Sono 89 per ora le vittime accertate ma sono più di un migliaio le persone irraggiungibili.
È salito a 89 il numero delle vittime accertate degli incendi che hanno trasformato il paradiso delle isole Hawaii in inferno.
Il bilancio, purtroppo provvisorio e con ogni probabilità destinato ad aumentare («senza dubbio ci saranno altri morti» ha dichiarato il governatore Josh Green), è il più grave degli ultimi cento anni di storia degli Stati Uniti d’America. Supera infatti il bilancio del rogo 2018 a Camp in California dove persero la vita 85 persone.

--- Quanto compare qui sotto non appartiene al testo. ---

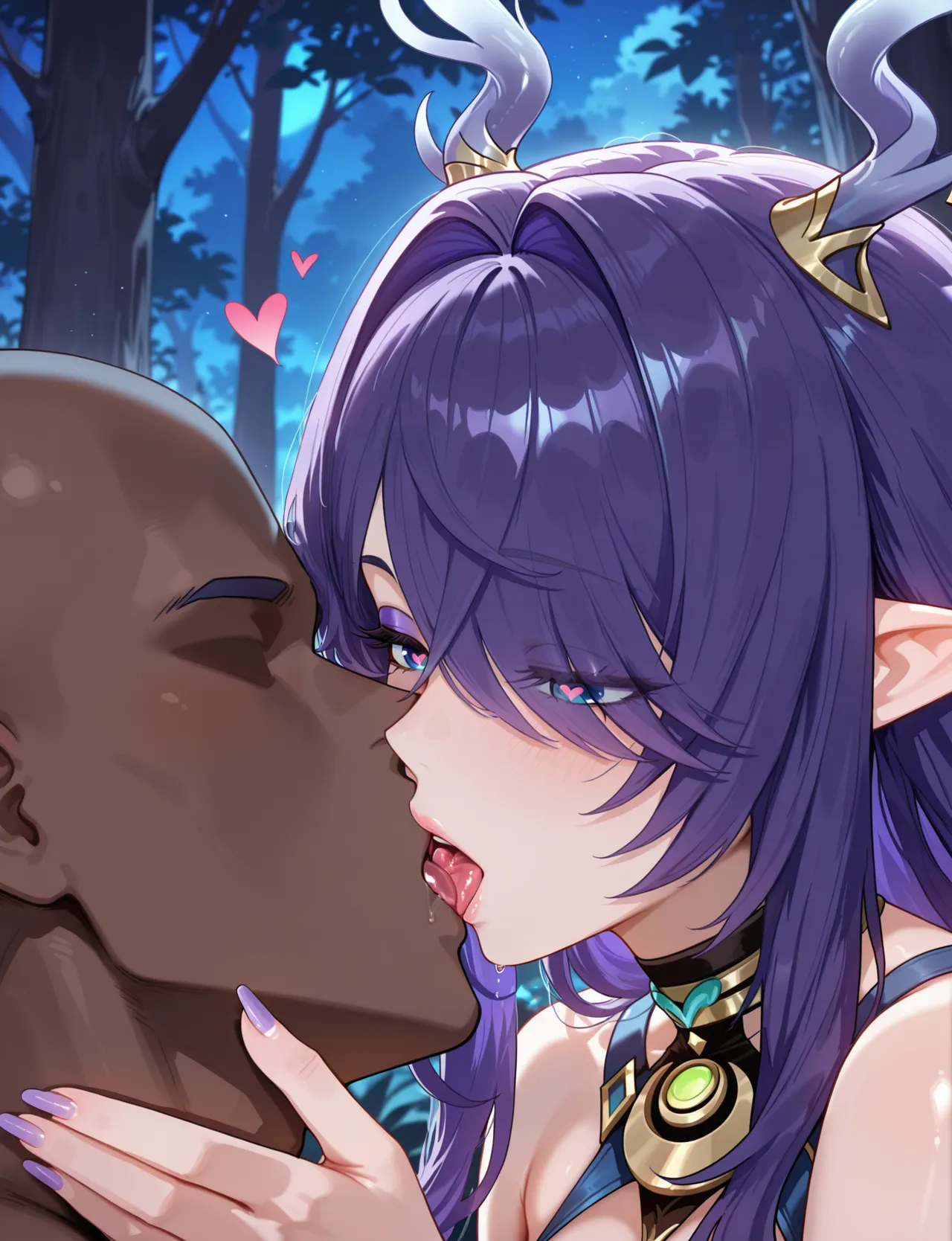 Kaistar Lauma Tier 2 request - Image 97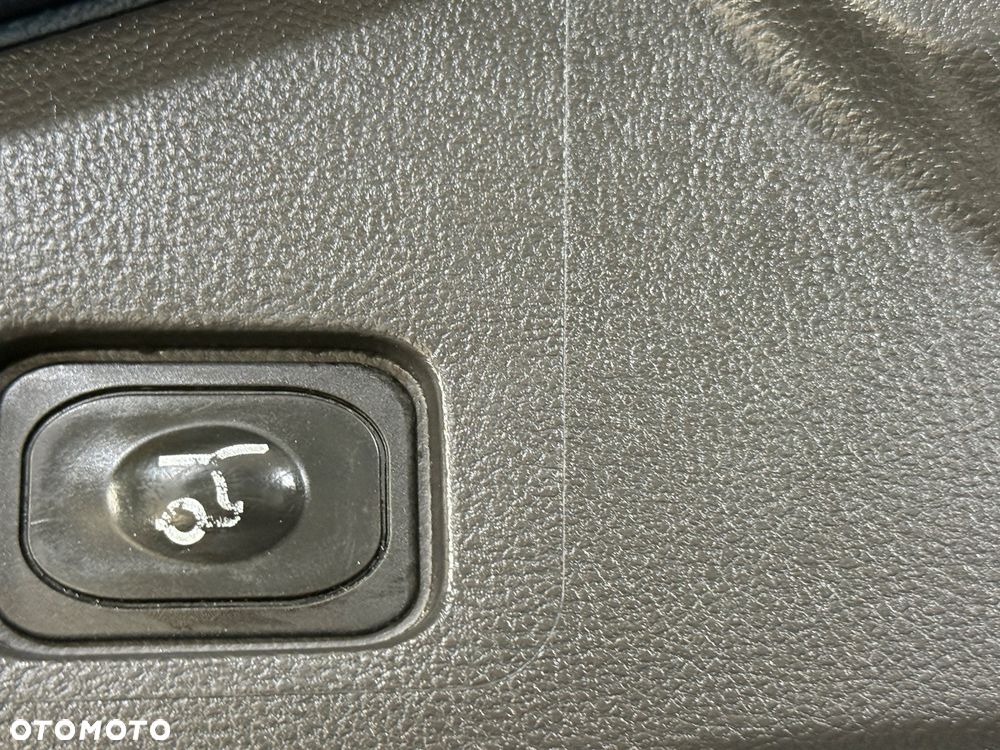 Ford Mondeo 2.0 Ti-VCT Titanium - 15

Ci sono un migliaio di dispersi e i soccorritori non hanno ancora controllato l’interno delle case, dove molti potrebbero essere rimasti intrappolati, né terminato le ricerche in mare, dove diversi abitanti si sono gettati per sfuggire alle fiamme. Per trovare i cadaveri si impiegano anche cani speciali. Quasi 1.500 persone invece sono ospitate in rifugi di emergenza.

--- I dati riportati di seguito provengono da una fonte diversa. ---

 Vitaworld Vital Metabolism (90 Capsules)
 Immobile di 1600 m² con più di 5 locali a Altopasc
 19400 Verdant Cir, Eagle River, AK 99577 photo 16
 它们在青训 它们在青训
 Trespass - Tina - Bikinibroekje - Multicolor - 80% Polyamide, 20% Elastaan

Intanto l’attorney general delle Hawaii Anne Lopez ha annunciato l’apertura di un’inchiesta sulle decisioni e sulle misure prese dalle autorità prima, durante e dopo gli incendi, e ha promesso di rendere pubbliche le conclusioni. Certo, il cambiamento climatico risulta il principale responsabile del disastro, ma dai primi accertamenti pare che molte cose non abbiano funzionato bene per prevenirne ed attenuarne gli effetti letali. La società elettrica Hawaiian Elctric, ad esempio, pur essendo a conoscenza delle previsioni di potenti raffiche di vento e del pericolo incendi, non ha adottato quella che ormai è considerata la misura più efficace: staccare la corrente nelle aree a rischio, come fanno molti Stati Usa, a partire dalla California, dopo i devastanti roghi del 2017-2018.

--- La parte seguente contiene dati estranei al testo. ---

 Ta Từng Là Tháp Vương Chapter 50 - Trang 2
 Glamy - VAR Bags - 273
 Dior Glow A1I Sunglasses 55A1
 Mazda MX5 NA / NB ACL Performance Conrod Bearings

Inoltre le sirene del sistema d’allarme non sono state attivate, mentre i messaggi di allerta sui telefonini non sono arrivati per mancanza di copertura. «È stata sottostimata la letalità e la velocità dell’incendio», ha accusato la deputata dem delle Hawaii Jill Tokuda. «Non abbiamo imparato la lezione dall’uragano Lane nel 2018, ossia che gli incendi boschivi possono scoppiare a causa dei forti venti provenienti da sud», ha aggiunto. Cinque anni fa l’uragano Lane alimentò roghi che distrussero 2330 acri a Maui. L’anno successivo le fiamme bruciarono altri 25 mila acri. Eppure in un rapporto dello scorso anno la protezione civile classificava il rischio di incendi «basso».
Ora invece il «Lahaina fire» ha mandato in fumo ulteriori 2170 acri di terreno, e danneggiato o distrutto 2719 edifici, di cui l’86% residenziali. Ci sono ancora alcuni focolai, che nella notte hanno costretto ad una ennesima evacuazione nell’area occidentale dell’isola, ma la situazione appare sotto controllo. La Fema, l’agenzia federale Usa per la protezione civile, comincia a fare i conti dei danni e stima che saranno necessari almeno 5,5 miliardi di dollari per la ricostruzione a Maui. Adesso però servono urgentemente cibo, acqua, farmaci, prodotti per la pulizia e l’igiene. E mentre si moltiplicano le iniziative di solidarietà, compresi i 100 milioni di dollari donati da Jeff Bezos e dalla fidanzata Lauren Sanchez, i residenti di Lahaina sono stati autorizzati per la prima volta a tornare nella loro cittadina. Quasi tutti hanno trovato la propria casa in cenere, struggendosi per aver perso tutto ma consolandosi spesso per aver rivisto sani e salvi amici e vicini. I pochi che hanno gridano al miracolo per l’abitazione intatta non la vogliono più lasciare temendo gli sciacalli, nonostante il rischio che sia insicura e con acqua contaminata. Le autorità hanno imposto un coprifuoco notturno per proteggere gli edifici.
Le immagini dall’arcipelago, ancora battuto da forti venti che alimentano nuovi roghi nelle onnipresenti sterpaglie, sono spettrali: colonne di fumo e fiamme si alternano corpi carbonizzati sotto teli trasportati da soccorritori stravolti da stanchezza e dolore, carcasse di animali auto imbarcazioni, case e negozi devastati da fuoco e saccheggi, alberi e piante esotiche affumicati. Fognature e tubazioni sono esplosi in centri urbani e villaggi. Intanto sono oltre 15mila i turisti fuggiti da Maui, l’isola dell’arcipelago più colpita.